Central Asia map

By Aleksandr Shustov

Contrary to President Obama’s pledge, the US has no intention to turn the page on the military foothold in Afghanistan. In fact, the US plans to reinforce its presence in the region by partially relocating the pertinent military infrastructures to Central Asia.

The US and NATO have lost grip on Afghanistan’s southern, Pashtun-populated provinces on which the defiant Talibs long imposed the Sharia law. Afghanistan continues to host several key US military bases - in Bagram, Shindand, the Nangarhar Province, Kandahar, and in the northern Mazār-i-Sharīf - after Washington’s unpublicized (but as of today sustained) talks with the Talibs produced the corresponding agreement and the US partially withdrew its forces from Afghanistan.

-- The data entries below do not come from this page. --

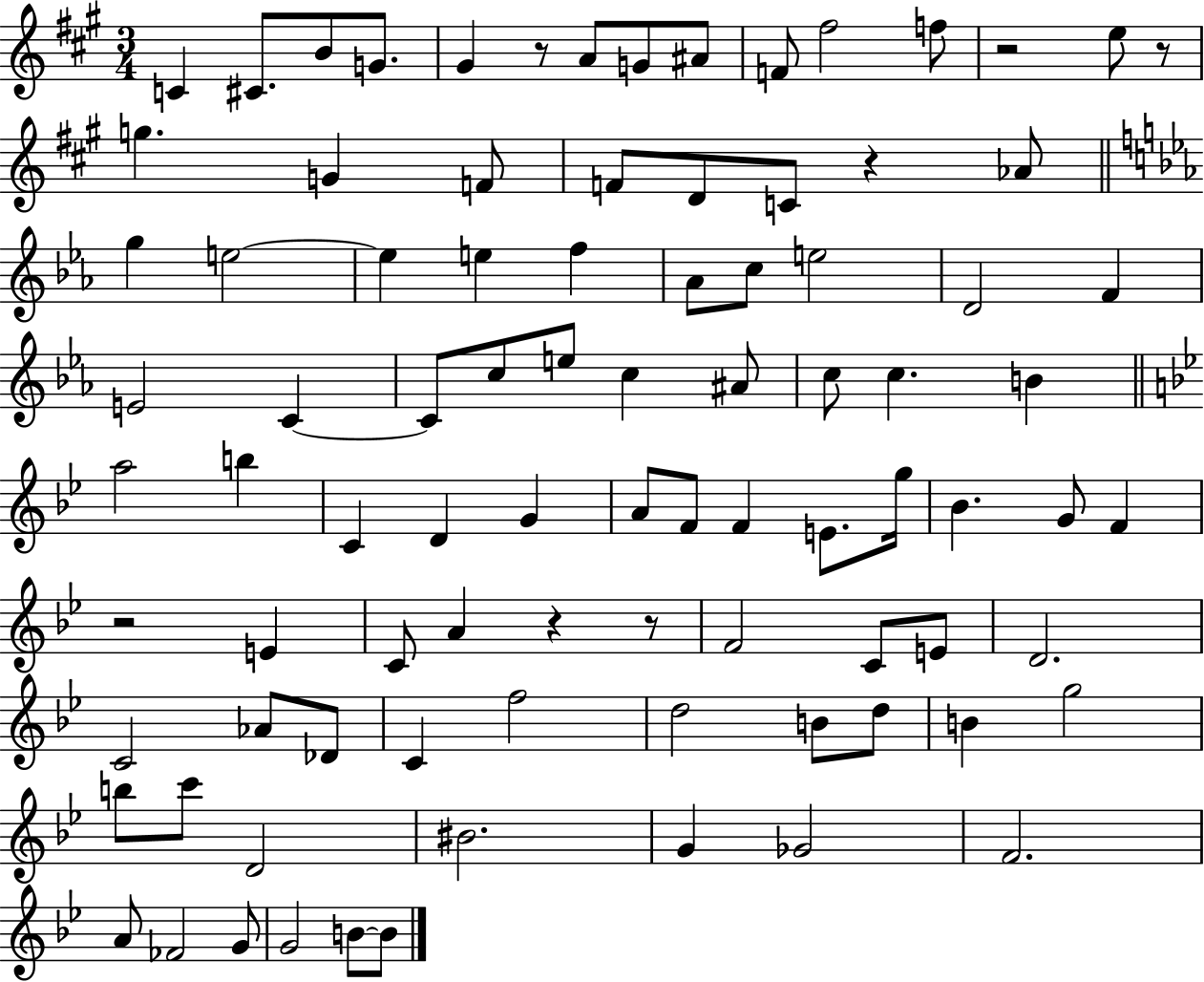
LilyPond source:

{
  \clef treble
  \numericTimeSignature
  \time 3/4
  \key a \major
  \repeat volta 2 { c'4 cis'8. b'8 g'8. | gis'4 r8 a'8 g'8 ais'8 | f'8 fis''2 f''8 | r2 e''8 r8 | \break g''4. g'4 f'8 | f'8 d'8 c'8 r4 aes'8 | \bar "||" \break \key ees \major g''4 e''2~~ | e''4 e''4 f''4 | aes'8 c''8 e''2 | d'2 f'4 | \break e'2 c'4~~ | c'8 c''8 e''8 c''4 ais'8 | c''8 c''4. b'4 | \bar "||" \break \key g \minor a''2 b''4 | c'4 d'4 g'4 | a'8 f'8 f'4 e'8. g''16 | bes'4. g'8 f'4 | \break r2 e'4 | c'8 a'4 r4 r8 | f'2 c'8 e'8 | d'2. | \break c'2 aes'8 des'8 | c'4 f''2 | d''2 b'8 d''8 | b'4 g''2 | \break b''8 c'''8 d'2 | bis'2. | g'4 ges'2 | f'2. | \break a'8 fes'2 g'8 | g'2 b'8~~ b'8 | } \bar "|."
}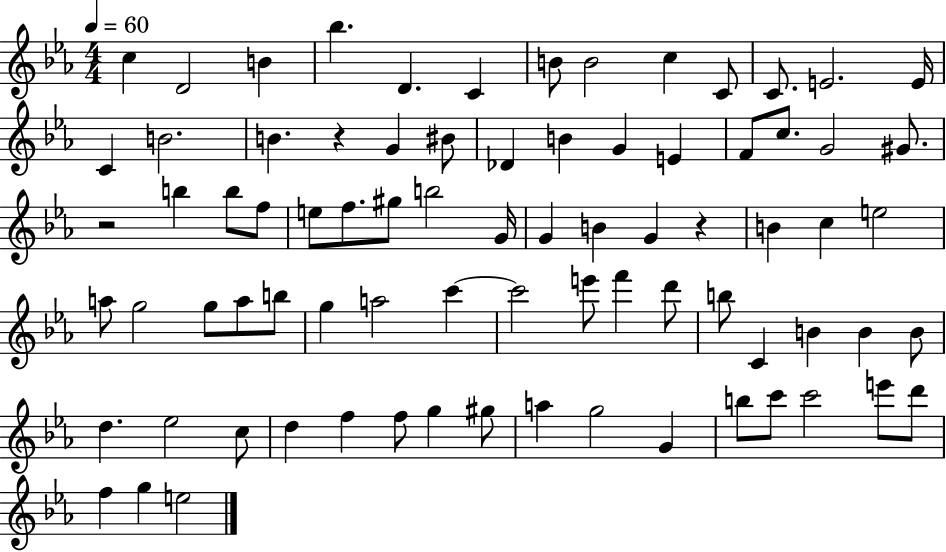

The arrangement - in line with the Greater Middle East strategy which implies multiple tailorings of the country’s borders - reads as a de facto partition of Afghanistan based on the ethnicity principle.

Washington is going to offer Central Asian republics background roles of transit hubs supplying the coalition efforts in Afghanistan or, if necessary, helping to dispatch additional contingents of Western troops to the country. The plan to deploy US special forces in Central Asia and Pakistan was unveiled back in September, 2009. The Pentagon’s wishlist includes the stationing of mobile special operations groups in Kazakhstan, Kyrgyzstan, Tajikistan, Uzbekistan, and Turkmenistan with the stated goal of tightening the security along the coalition’s northern supply route, though it is easily predictable at the moment that their actual mission will not be limited to the task.

Information about the US blueprint for constructing military infrastructures in all of the five Central Asian republics surfaced in August, 2010. The US Central Command’s counter-narcotics fund is going to pour over $40m into building military training centers in Osh (Kyrgyzstan) and Karatog (Tajikistan) plus a canine training facility and a helicopter hangar near Almaty (Kazakhstan), and into upgrading border-crossing checkpoints in Uzbekistan, Kyrgyzstan, and Turkmenistan. A far-reaching US agenda looms behind the geographic distribution of the facilities, considering that Saraghs, the checkpoint in Turkmenistan, is sited at the republic’s border with Iran, and the Kyrgyz checkpoint is located near Batkent, in the strategic sector of the Fergana Valley.

Kyrgyzstan is given priority on the US Central Asian agenda. In August, 2008, Washington and Bishkek opened negotiations over the construction of a training center in the Batkent province. The idea was shelved in April, 2010 in the wake of the ouster of former Kyrgyz president K. Bakiyev but reanimated shortly thereafter. According to Central Asia expert A. Knyazev, full groundwork for the project is in place in Batkent. In the meantime, Russia’s bid to establish a training center for the Collective Security Treaty Organization, also in Batkent, seems hopelessly defeated. On top of that, in the summer of 2010, the Kyrgyz administration renewed under wraps the US lease of the Manas airbase sited in the proximity of Bishkek.

Dushanbe is contemplating a military base deal with Washington similar to the one sealed by Bishkek. In addition to financial perks (in Kyrgyzstan, the total generated by the Manas lease makes a handsome $60m annually), having a US military base on the premises would boost the Tajik administration’s self-confidence vis-a-vis Russia. Tajikistan’s Ayni airbase located in a Dushanbe suburb may be a likely candidate. The Tajik military engagement with the US is gaining momentum against the backdrop of a lasting chill between Moscow and Dushanbe, whose array of contentious issues includes the lease of the Ayni airbase to an air group of Russia’a 201st military base and the presence in Tajikistan of Russian military advisers consulting the republic’s military on border security. Moreover, prospects are dim for the stay of the whole 201st base in Tajikistan beyond 2014, the year the lease of the base to Russia expires.

Russian defense minister’s scheduled visit to Tajikistan was postponed indefinitely after Tajik foreign minister Hamrokhon Zarifi held talks with NATO Secretary General’s special representative for Central Asia and the Caucasus James Appathurai on June 22. Tajik foreign ministry released a statement indicating that the discussions revolved around the relations between Tajikistan and NATO, their interaction in the framework of the Partnership for Peace program, and such themes as Afghanistan’s border security and domestic reconciliation. A day later, on June 23, US ambassador to Tajikistan Ken Gross met with Tajik president Emomalii Rahmon.

As for Moscow, it is clear that it risks seeing its influence over the Central Asian republics dwindle while the US is “withdrawing” from Afghanistan and switching to Central Asia.

Aleksandr Shustov is a columnist for the Strategic Culture Foundation.